The Chapare region had long been declared by the Special Force for the Fight against Narcotrafficking (FELCN) as a "red zone for drug trafficking".

In 2010, Evo Morales admitted to the British BBC news network that drug trafficking had permeated all levels of the state, although he accused the United States of this, without proofs.

On July 29, Valentín Mejillones, Evo Morales' personal priest, was arrested for possession of 350 kg of drugs.

In 2011, the General of the Bolivian Police, René Sanabria Oropeza and former anti-drug chief assigned by Evo Morales, was accused
and sentenced in the United States for drug trafficking. That same year, Morales declared his fear that Sanabria would reveal MAS names in exchange for negotiating his sentence.

In 2012, the Brazilian magazine Veja accused Evo Morales and his then minister Juan Ramón Quintana, of providing raw material for the production of drugs that were destined for Brazil

In 2012, former senator Roger Pinto asked Brazil for political asylum for fear of an attack on his personal security and for having "evidence of corruption and links with drug trafficking at the highest levels of the government of President Evo Morales".

In September 2013, a ghost town exclusively built for drug production was discovered in Oruro and the media points responsibility to the government.

That same year, in November, Luis Cutipa Salva, then a substitute deputy of the MAS was arrested for diverting 45,000 tons of coca leaf to drug trafficking hot spots.

In September 2015, former Bolivian businessman José Luis Sejas Rosales is arrested for an international arrest warrant for drug trafficking in Argentina. Sejas Rosales was a former advisor to Yacimientos Petrolifos Fiscales Bolivianos.

In July 2017, Romer Gutierrez Quezada, a former MAS adviser, was arrested in Brazil when he tried to enter 100 kg of drugs.

In October 2017, in a joint operation between the Brazilian Federal Police and the Matto Grosso Military Police, a plane containing 480 kg of cocaine was captured, and arrested, in this country, Carmen Iris Lima Lobo, former candidate for the sub-government of the department of Beni. Previously, in September, his nephew, Abio Adhemar Andrade Lima Lobo, was arrested in this same country for trying to enter Brazil 480 kg. of cocaine.

On April 18, 2018, the former consul of Bolivia in Brazil, Haisen Ribero, is arrested for possessing 528 kg. of high purity cocaine. Days later, at the request of the government, he is released.

On April 23, 2019, Gonzalo Medina, former director of the FELCN and the captain of the Bolivian Police, Fernando Moreira, are arrested on alleged drug trafficking charges.

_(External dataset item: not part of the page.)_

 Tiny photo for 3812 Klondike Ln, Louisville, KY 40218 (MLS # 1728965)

On June 4 of that same year, another MAS official, Mayerling Castedo, was arrested, along with members of her family (her children: Darío and Joice Candia Castedo as well as her son-in-law Hugo Yañez and her nephew, Luís Darío Candia Zelada) by members of the police for alleged drug trafficking.

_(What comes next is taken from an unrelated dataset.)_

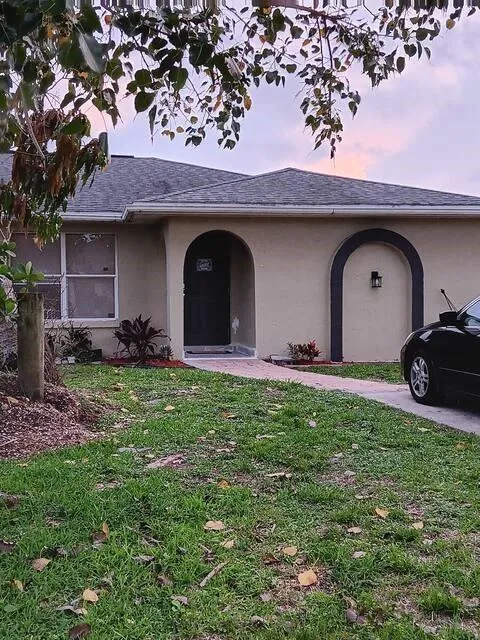 516 SE 4th Ter Unit B, Cape Coral, FL MLS: F10492698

On September 13, 2019, Winston Julio Rodriguez was arrested for possession of 166 kg of cocaine. Newspapers of the country begin to circulate photos of Evo Morales next to Winston Julio Rodriguez.

On December 18, former consul Diego Fernando Vega Ibarra was arrested in Argentina for drug trafficking in that country.

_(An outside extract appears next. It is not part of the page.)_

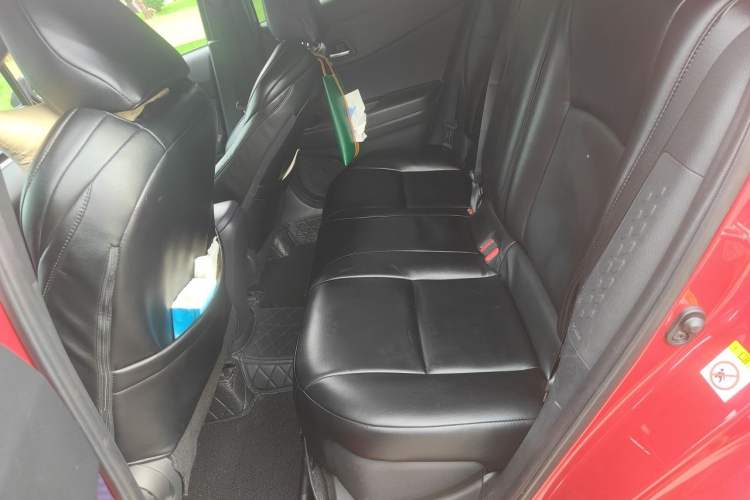 Used Toyota C-HR 2018 2.0L Luxury Sunroof Version China VI Standard Left Rear Seat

On February 6, 2020, Dora Vallejos, wife of drug trafficker Bismark Carlos Padilla and personal friend of former MAS minister Carlos Romero and General Gonzalo Medina, was formally arrested for drug trafficking.

On March 5, 2020, Terán and Elba Terán, sisters of Margarita Terán (a member of the MAS party), are sentenced to 15 years in prison for the crime of drug trafficking.

On April 10 of that year, Faustino Yucra, a former coca grower leader and friend of Evo Morales, was arrested, accused of drug trafficking, terrorism and sedition.